SC feels more can be done to attract retail investors

KUALA LUMPUR: The Securities Commission (SC) felt that despite market volume last year growing by 31.6% from 2010, more could be done to drive interest of retail investors in the equities market.

SC chairman Tan Sri Zarinah Anwar said increasing participation of retail investors could be achieved by getting more people to trade and one way of achieving that could be by providing more information and education to retail investors.

“Liquidity has always been an issue in our stock market. There are structural issues which I think is not unknown, and our Capital Market Masterplan 2 has outlined various strategies to address this,” she told StarBiz.

Although there is a perceived lack of interest by retail investors, their interest has been translated in the growth of the unit trust industry, which predominantly is funded by individuals.

Zarinah said unit trusts now accounted for almost 20% of the market capitalisation of Bursa Malaysia. The market capitalisation of all equities on Bursa Malaysia yesterday was RM1.399 trillion.

“Retail investors are investing through unit trusts instead of going directly to the market. That said, it doesn't mean we can't do more to attract retail investors into the market,” said Zarinah.

She said at the last count, there were 4.2 million CDS (Central Depository System) accounts in Bursa Malaysia but only 300,000 were active.

The classification of an active account is one where at least a trade is done every three months.

“So, there has to be effort on the part of our intermediaries to try and activate more of these account holders. If they just double that, think how much impact it will have. So, there has to be effort put in to attract retail investors,” she said.

“Retail investors are investing through unit trusts instead of going directly to the market.
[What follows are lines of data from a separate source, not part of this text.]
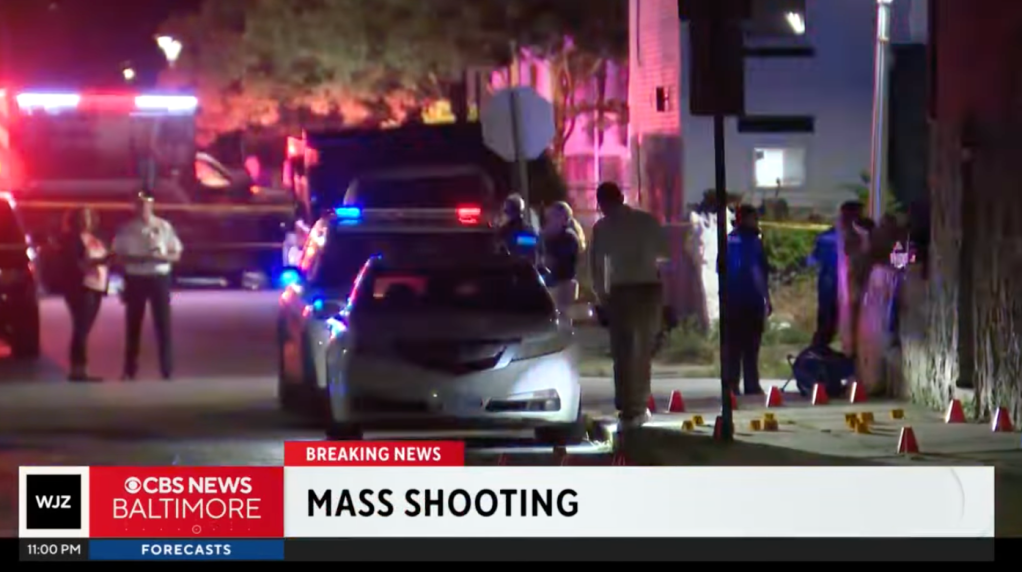 Law enforcement officials investigate the shooting on the sidewalk of the street.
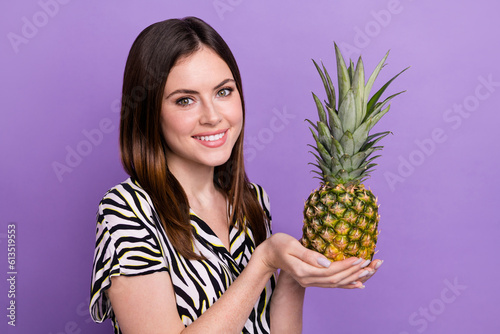 Photo of young cheerful girl hold fresh ripe ananas eat sweet dessert juicy exotic tropical fruit isolated on purple color background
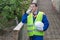 Builder in a yellow vest discusses by phone the construction time standing on the background of the stairs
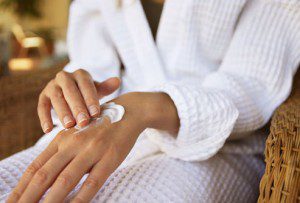Woman Applying Hand Lotion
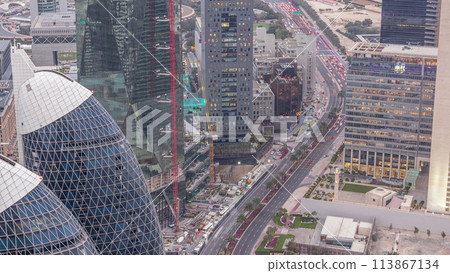 Skyline of the buildings of Sheikh Zayed Road and DIFC aerial day to night timelapse in Dubai, UAE. Skyline of the buildings of Sheikh Zayed Road and DIFC aerial day to night timelapse in Dubai, UAE. 113867134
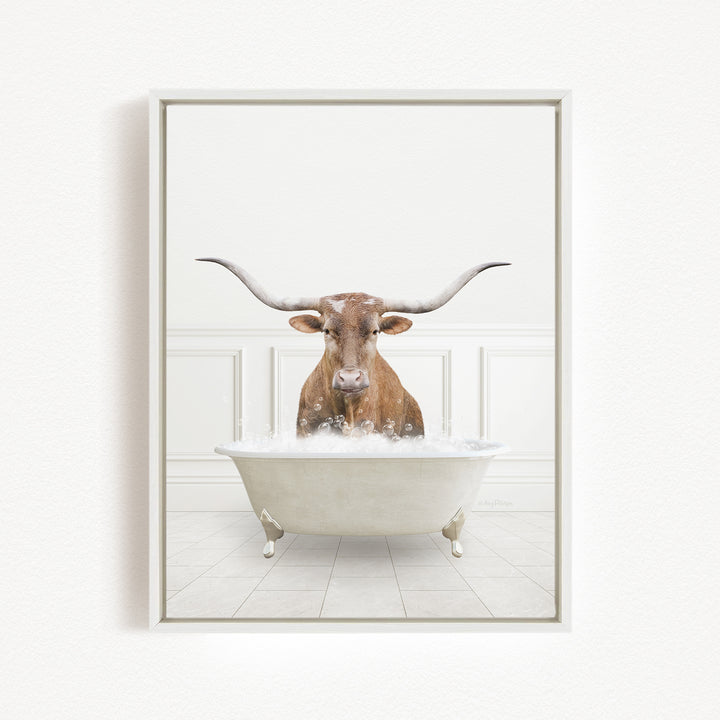 A bull with large horns is sitting in a white bathtub filled with water, creating a whimsical and humorous scene.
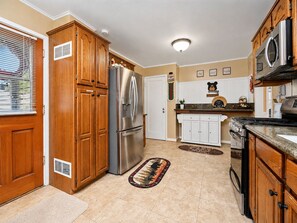 Una cocina con armarios de madera, un refrigerador de acero inoxidable, una estufa y un microondas.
That said, it doesn’t mean we can’t do more to attract retail investors into the market,” said Zarinah.

Getting retailers into the stock market would also mean promoting the companies on the exchange to that group of investors, and here Zarinah wondered why there had not been enough effort by the intermediaries of the stock market to promote research on the near 300 small and medium cap companies funded by the capital market development fund.

“The attitude of retailers has changed from the old days. They have to be given fundamental information about companies for them to be interested in investing. It is their job to promote companies and educate investors,” she said of the need of market intermediaries to act.

“In Thailand for example, every weekend the stock exchange of Thailand runs investor education programmes. And I was told recently by one of their senior management that it was oversubscribed every weekend. That's certainly something we can do here industry and Bursa working together to promote the equity market to investors.”

Another element of improving retail participation and confidence of such investors is also the quality of companies on the stock market.

“Just as there are companies that are doing well, there are companies that are languishing. They have made losses, their share prices have plunged below the offer price, they have not been paying dividends to shareholders,” she said, understanding why investors were not interested in the poor performing companies.

“That's why governance is key. Directors of companies have got to discharge their stewardship role, which includes delivering on all the promises they made when we approved their going to the market. Hence, they have to ensure the creation of shareholder value, they have to show they are good corporate citizens and they have to provide returns to shareholders.”